While reforms to government services have proceeded in a gradual manner, the continued obstinacy of public sector unions to such changes only serves to deprive the taxpayer from receiving value for money for funds compulsorily acquired by governments.

Supporters of the Madison protest movement suggest that the passage of the proposed Walker legislation will mark the end of an era for a state which was the first to allow collective bargaining for government workers in 1959.

However, this line of thinking conveniently overlooks the fact of the significant electoral mandate afforded to Walker who argued persuasively the case for change during the 2010 gubernatorial election.

Indeed, to put public sector unions and government employees on an equal bargaining pedestal with elected representatives effectively subverts the democratic process by according power to unelected officials that cannot be held accountable by ordinary voters.

Aggravating this inherent risk of public sector unionism for liberal democratic governance, is that they regularly use the threat of strikes, or undertake strike action, interrupting essential public services as a strategy to bring elected politicians to heel when it comes to union objectives.

Even the architect of modern big government in the US, former president Franklin Theodore Roosevelt, recognised the danger that this poses when he said that a ‘strike of public employees manifests nothing less than an intent on their part to obstruct the operations of government until their demands are satisfied. Such action looking toward the paralysis of government by those who have sworn to support it is unthinkable and intolerable.'

Since the introduction of partial labour market reforms in Australia since the early 1990s, and in part due to the relative decline in the economic share of manufacturing, trade union membership has tended to wither away. However the overall trend of declining membership of unions should not blind observers to the fact that the nature of the union movement itself has changed.

As indicated in the latest ABS statistics, while 14 per cent of private sector employees are trade union members, a staggering 46 per cent of public sector employees are members of a union.

With this has come a fundamental shift in the focus of unionists.
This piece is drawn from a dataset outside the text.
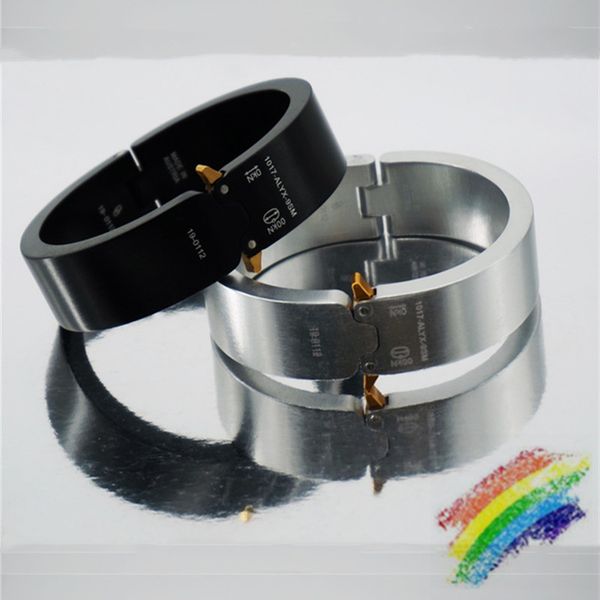 

new solid bracelet men women bracelets 1 cuff buckle, White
Putting aside the recent public stirrings by the Australian Workers Union representing some mining employees, the age old conflict often manufactured by unions between capital and labour has now been replaced by a war between (private sector) taxpayers and government employees.

The political conflict being waged in Wisconsin, some 14,000 kilometres away, over public service benefits and conditions could regrettably become a scene transplanted in Australia if elected politicians refuse to take heed of the reasonable demands by taxpaying citizens. Quality essential services should be provided without imposing intolerable costs on taxpayers that bear little reality to economic circumstances.